EDIT: Interestingly enough I only noticed the snare sounding a lot louder in that higher velocity groove when I bounced the track down to mp3. In my DAW things sound pretty damn even... I'm going like this atm


----------



## newamerikangospel (May 9, 2010)

On the instrument edit section, there is a "vel-to-vol" (velocity to volume) setting that actually has it adjusts volume with velocity. You can also turn your compressor threshold down a little bit farther to catch the increased attack, if changing the setting doesn't help.


----------



## _detox (May 10, 2010)

I hate to jack this thread, but it's at least slightly on topic:

Does anyone have any tips for toms? I like the big thundering low toms that still have a little high end attack. But all of my work has yielded toms that have that low thunder, but they ring a LOT. I've tried gating them, but it's always too much, so I don't think that's the way to go.
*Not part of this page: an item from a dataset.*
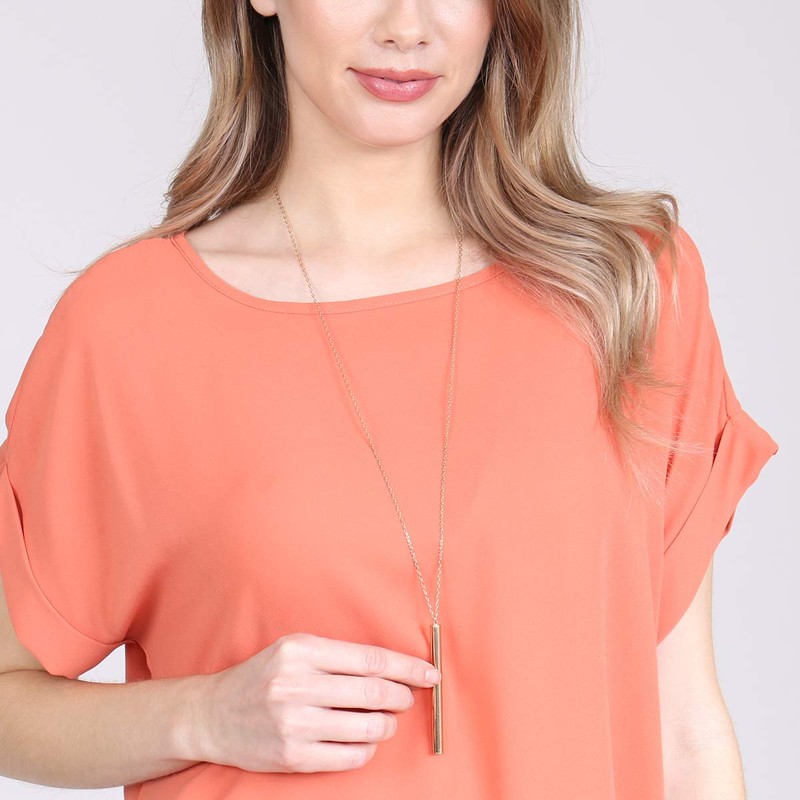 RIAH FASHION Bohemian Geometric Pendant Long Necklace - Simple Metallic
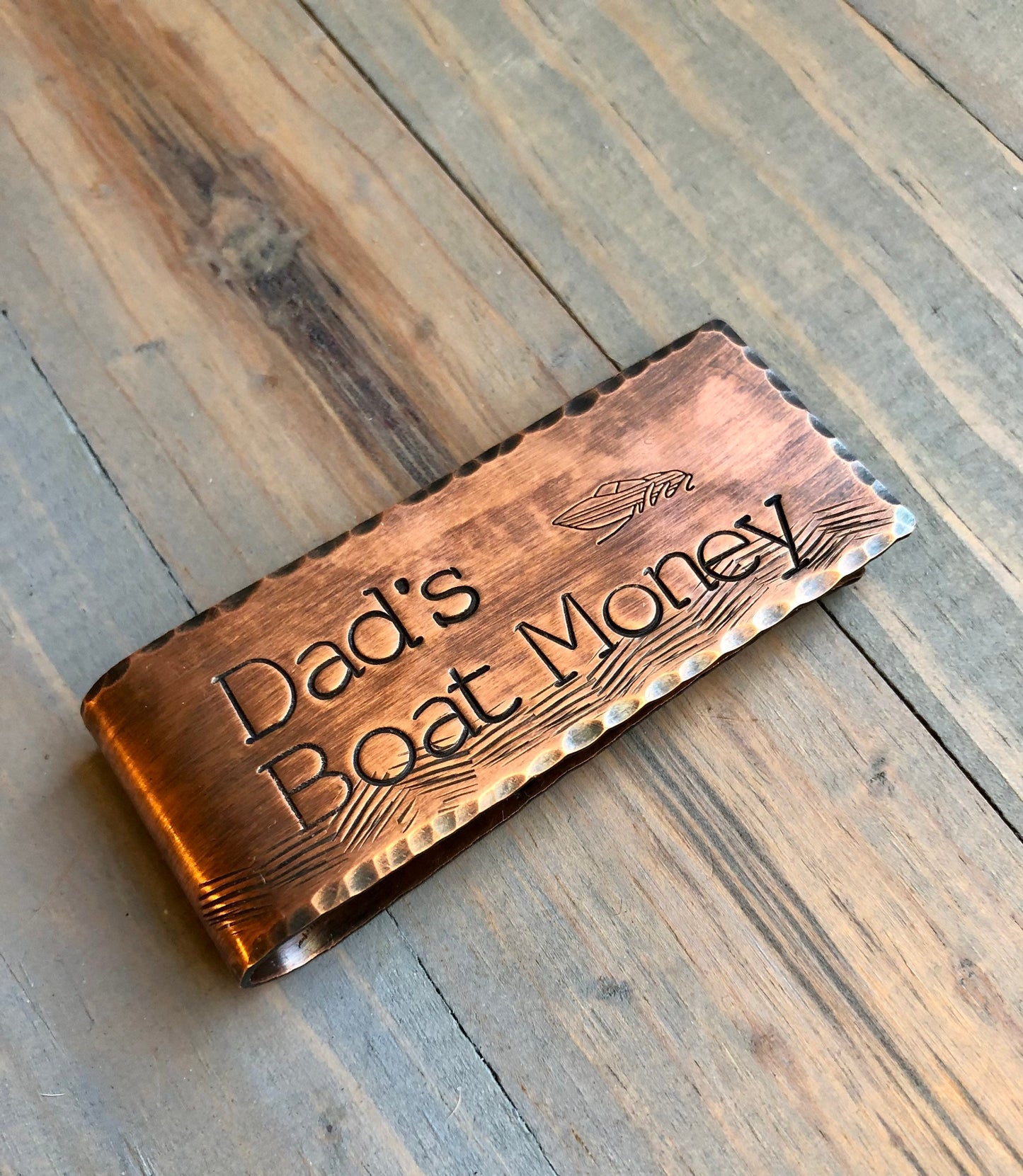 Copper Money Clip For Father's Day - Gift for Boater - Personalized Boating Money Clip - Custom Money Clip with Speed Boat - Power Boat Gift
Any help?
 
Btw, the snare tips in this thread are fantastic!


----------



## alex103188 (May 10, 2010)

newamerikangospel said:


> On the instrument edit section, there is a "vel-to-vol" (velocity to volume) setting that actually has it adjusts volume with velocity. You can also turn your compressor threshold down a little bit farther to catch the increased attack, if changing the setting doesn't help.



Jeeebus superior still continues to amaze me with all of its crazy features.

Thanks man I'll give that a shot!

and @ detox I'd hardly say it's hijacking. This forum is long overdue for a compiled list of superior drummer eqing tips in general!


----------



## newamerikangospel (May 12, 2010)

_detox said:


> I hate to jack this thread, but it's at least slightly on topic:
> 
> Does anyone have any tips for toms? I like the big thundering low toms that still have a little high end attack. But all of my work has yielded toms that have that low thunder, but they ring a LOT. I've tried gating them, but it's always too much, so I don't think that's the way to go. Any help?
> 
> Btw, the snare tips in this thread are fantastic!



Transient designer, and EQ. Find where the frequencies ring, do a small rip, then put the Transient designer behind it and pull the sustain down a bit (1-1.5 db generally does the trick). 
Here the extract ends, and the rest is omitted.